Welcome, I’m Jared Knoll with the Auschwitz Institute for Peace and Reconciliation. Today we’re looking at an often-ignored element of genocide prevention: economics. Joining me to discuss this complex subject are Jurgen Brauer and Charles Anderton, two professors hoping to produce a handbook on the economics of genocide and mass killing. Both prolific authors, they work out of Georgia Regents University and Holy Cross College in Massachusetts, respectively, and have served as instructors for the Auschwitz Institute. Charles, Jurgen: Thanks for joining us today.

JB: Yes, thank you very much for the invitation. This is Jurgen Brauer. I appreciate the opportunity to talk about this.

CA: Jared, thank you very much for contacting us. We’re delighted to have the opportunity to share some thoughts.

Would you like to start by telling us a little about how you think we need to approach the ways economics and mass killing play into one another?

CA: Jurgen and I have been kind of going back and forth on what we see as critical interdependencies between genocide and mass killing, and economics. So we’ve highlighted several areas where they intersect, and one of those is that genocides and mass killings have huge economic consequences. A second way that they go together is that economic conditions, poverty and other types of economic conditions, are potentially risk factors for genocide and mass killing, and might affect the severity as well.

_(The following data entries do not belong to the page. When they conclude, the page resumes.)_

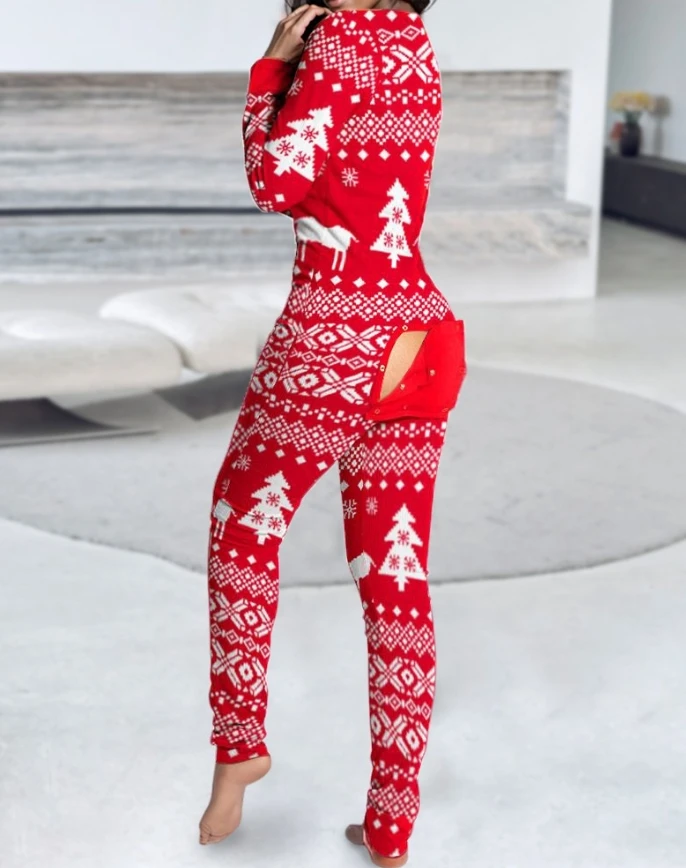 Christmas Print V-Neck Jumpsuit Functional Buttoned Flap Adults Pajamas One Piece Overall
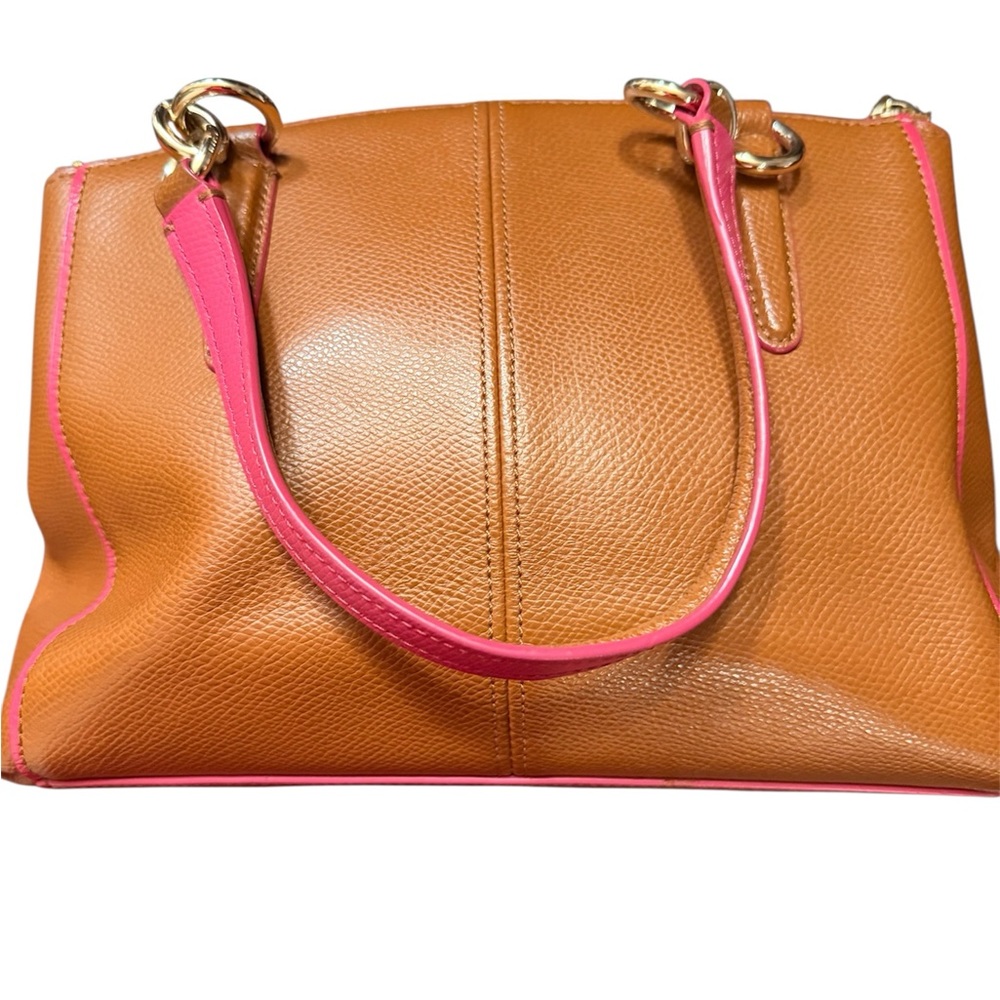 Coach Tan Pebbled Leather Satchel with Pink Trim - Picture 2 of 9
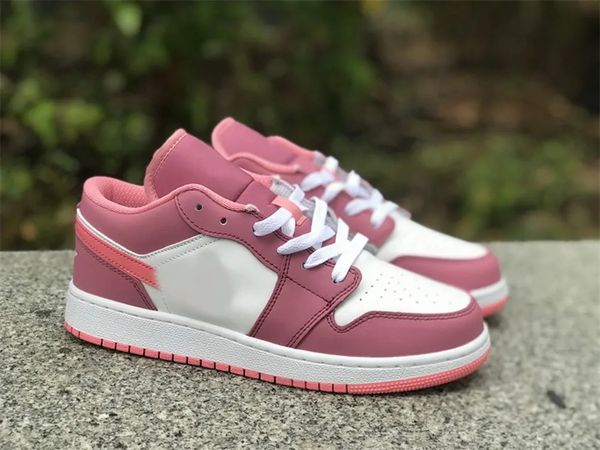 

original jumpman 1s low men women shoes pink berry coral chalk-white designer basketball shoes outdoor sneakers size available fast delivery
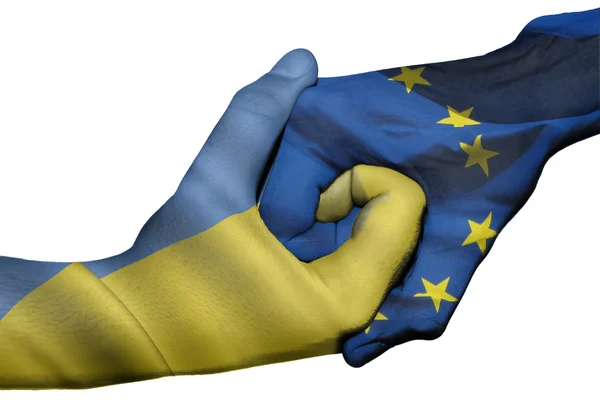 Handshake between Ukraine and European Union — Stock Photo, Image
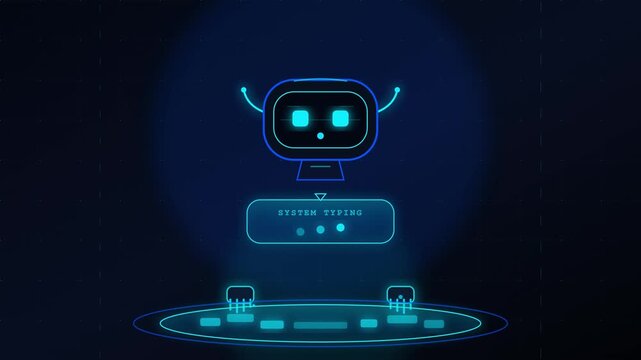 AI Chatbot Loading Animation with Futuristic Robot Interface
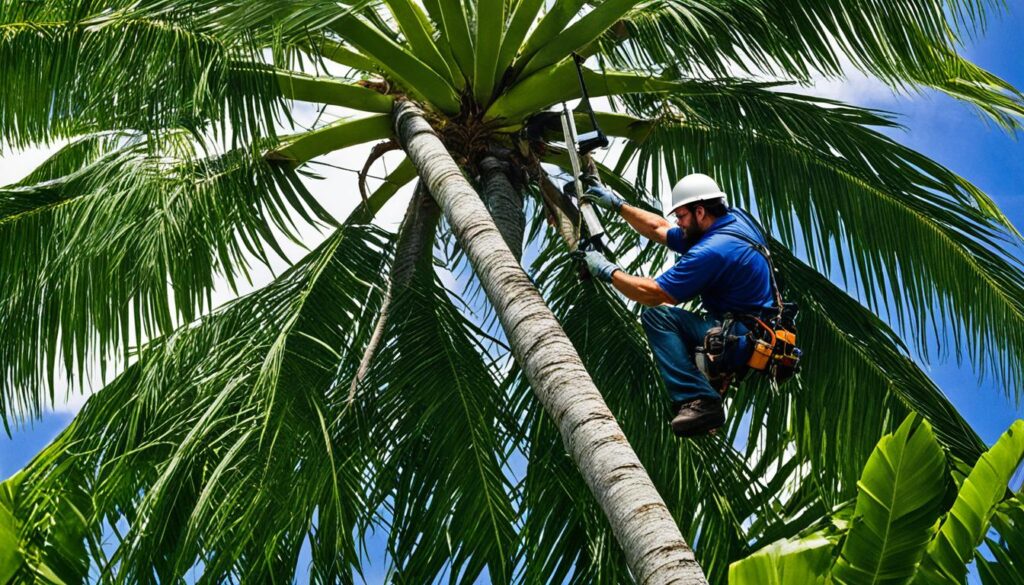 poda de coqueiros em climas tropicais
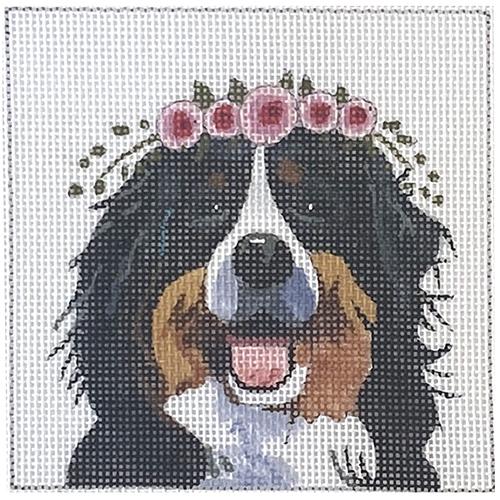 Bernese Mountain Dog with Floral Crown Painted Canvas Colors of Praise - 1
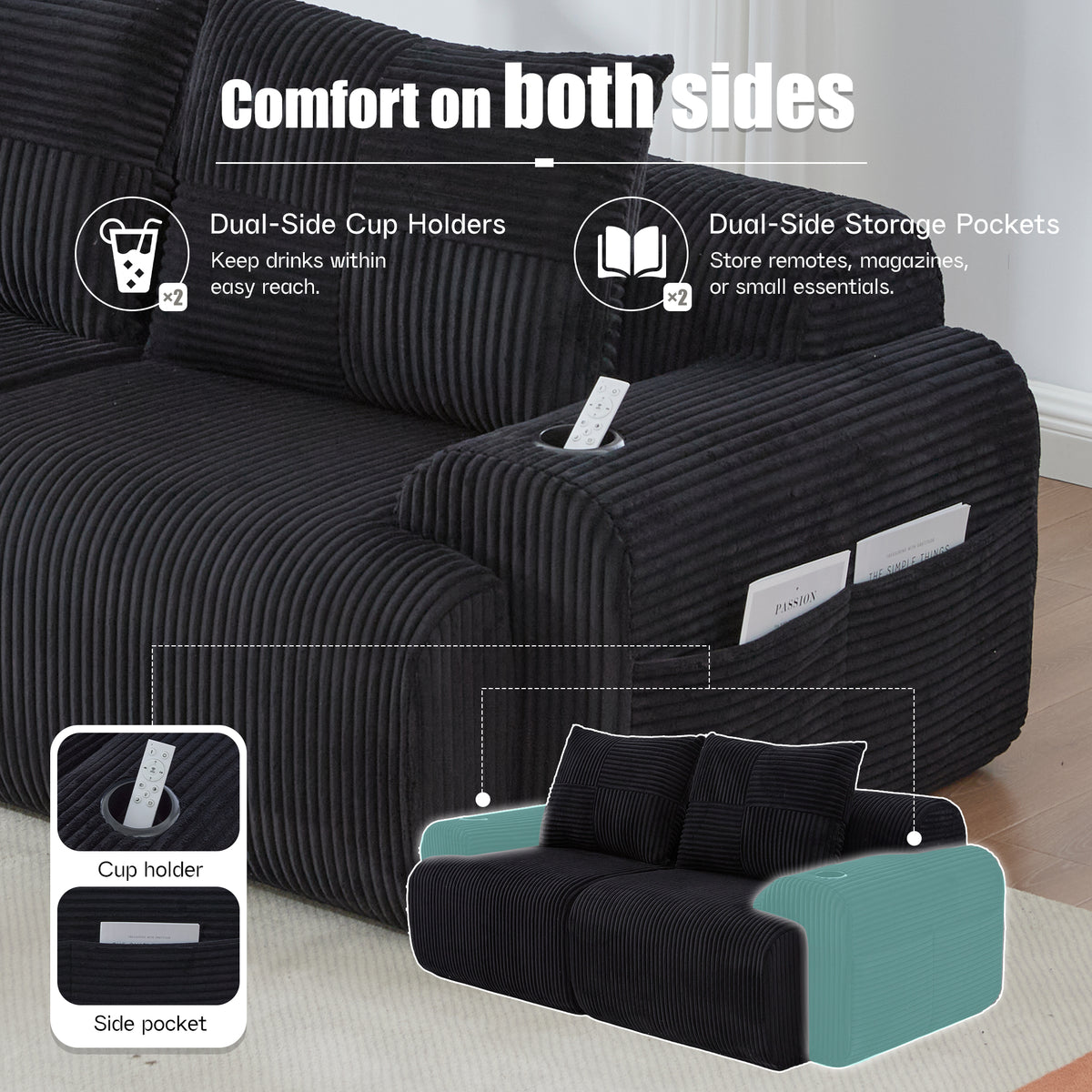 Black Corduroy 2-Seater Modular Sofa — detail 7
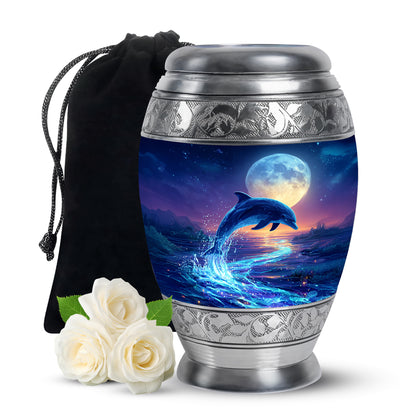 Bright Blue Dolphin Cremation Urn back view with polished surface - majestic dolphin pattern with filigree border - full-size 10 inch 200 cubic inch adult cremation urn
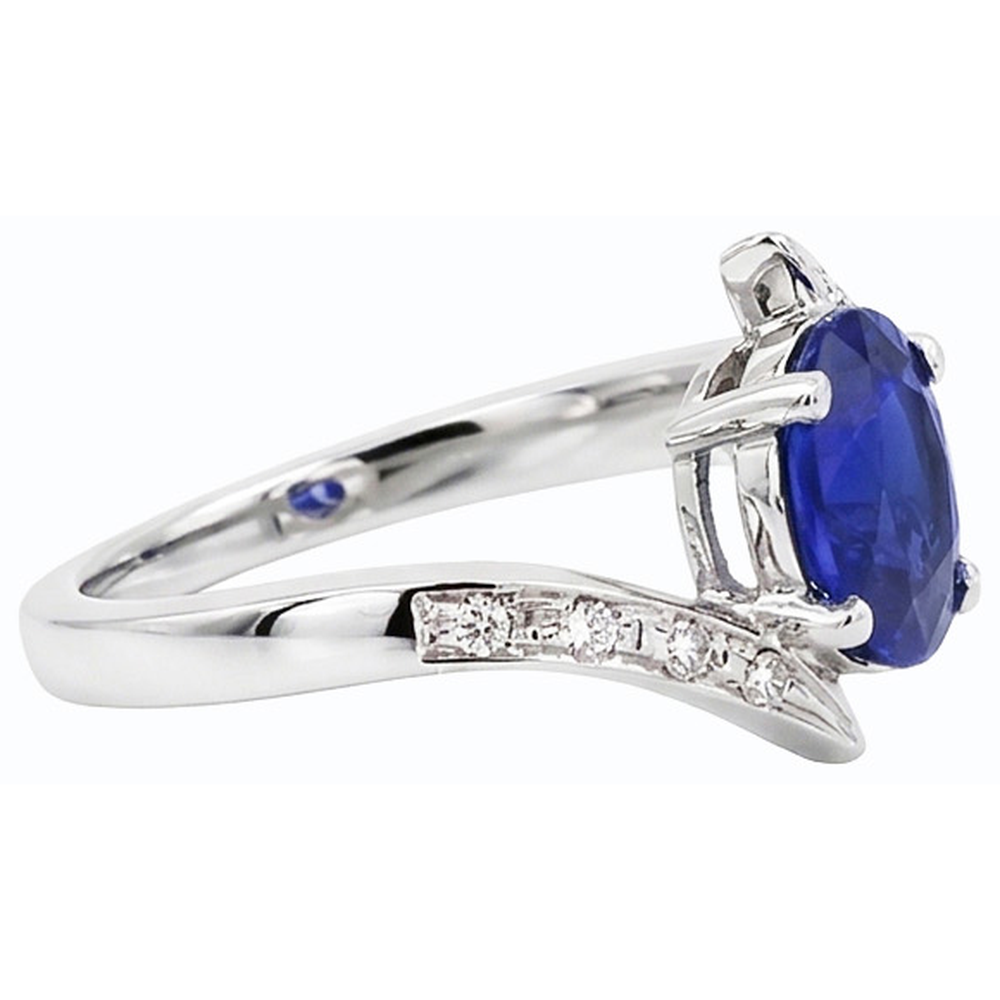 echter oval diamant 2.50Karat ring Profilansicht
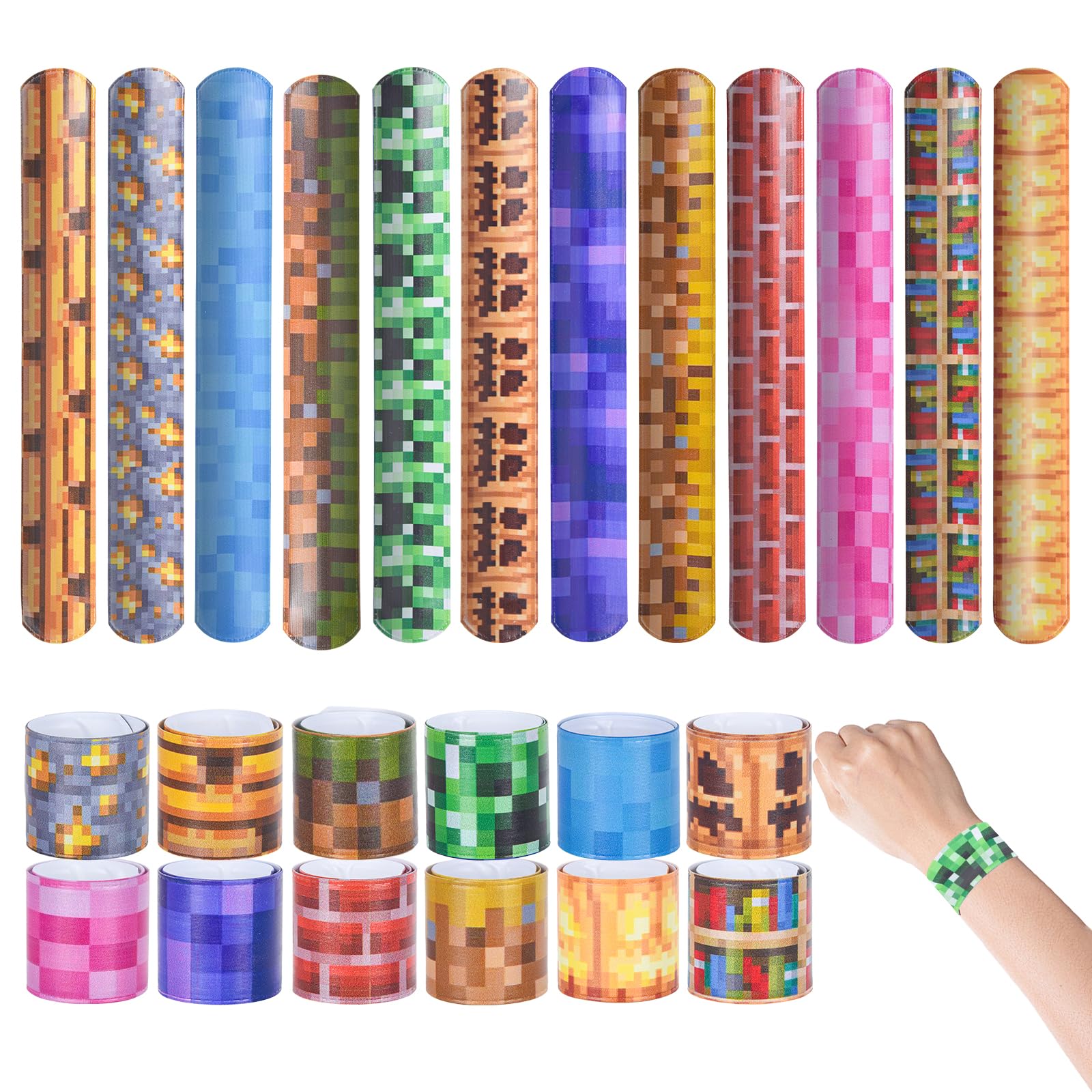Lottmopi 24 Pcs Pixel Party Favor - Pixel Slap bracelets, Birthday Decorations Party Supplies, Exchanging Gifts Classroom Prizes, Game Theme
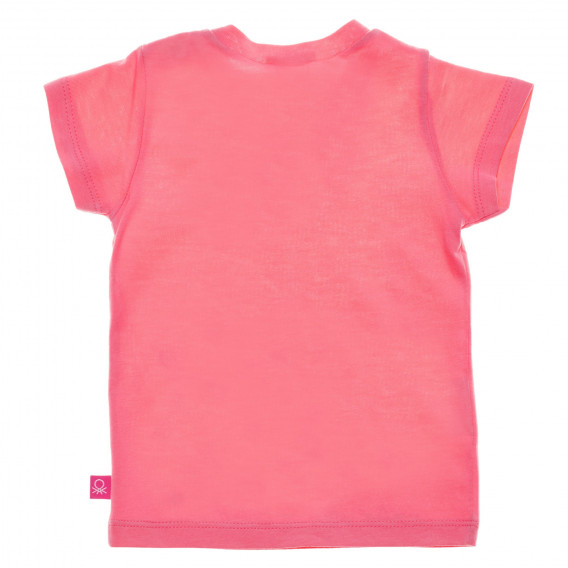 Памучна тениска с щампа на цветя за бебе, розова Benetton 236593 4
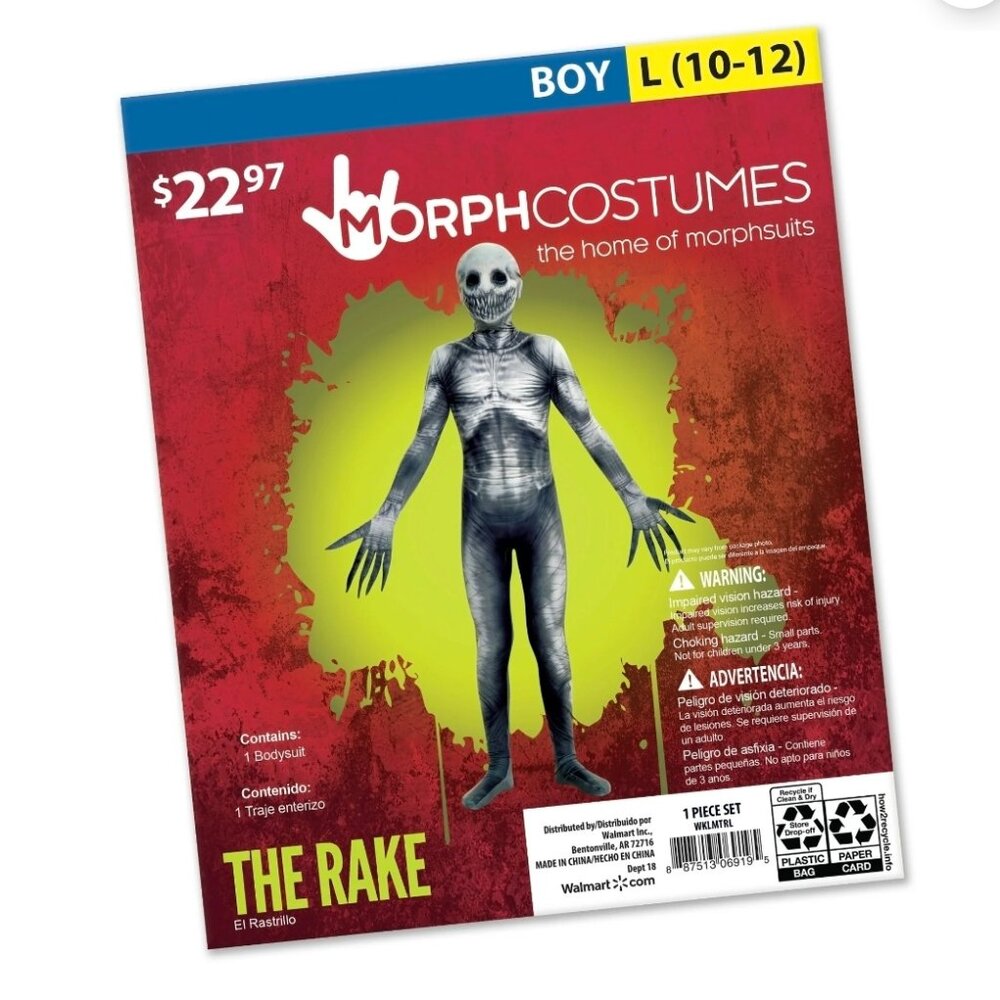 MorphCostumes The Rake Kids Costume L 10/12 Gray Skinsuit NEW - Open - No Box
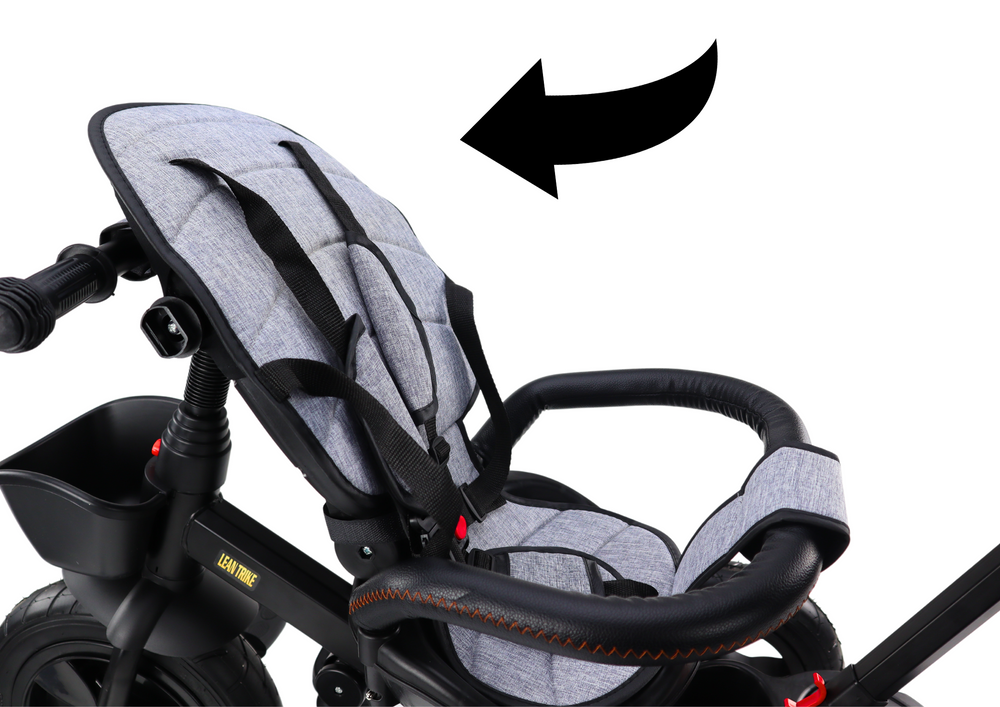 Vaikiškas triratukas PRO550 su stogeliu ir pasukama sėdyne, pilkas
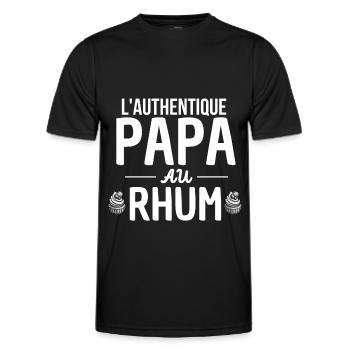 l'authentique Papa au rhum , cadeau humour papa - T-shirt sport Homme - noir - Devant - AI Model Male 178 dark (178cm)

We also have seen cases, certainly the Holocaust and other cases, where there’s a kind of business organization to the genocide. They’re very systematic and they require leadership and logistics and coordination and hiring people to do certain terrible tasks that are involved. There’s a kind of business of genocide that needs to be better understood. And of course there’s looting that goes on in many genocides and mass killings, and that’s a form of wealth appropriation and a loss of wealth to the victims, and obviously security is undermined, and economists see security as a very fundamental service that every society should provide.

I think the last one that we thought about is this idea of genocides and mass killing being choices that people actually are choosing, are in some sense weighing costs and benefits when they’re thinking about perpetrating such things, and economics is a social science of people making choices. So those are the ways that we see the genocides and mass killings and economics being interdependent.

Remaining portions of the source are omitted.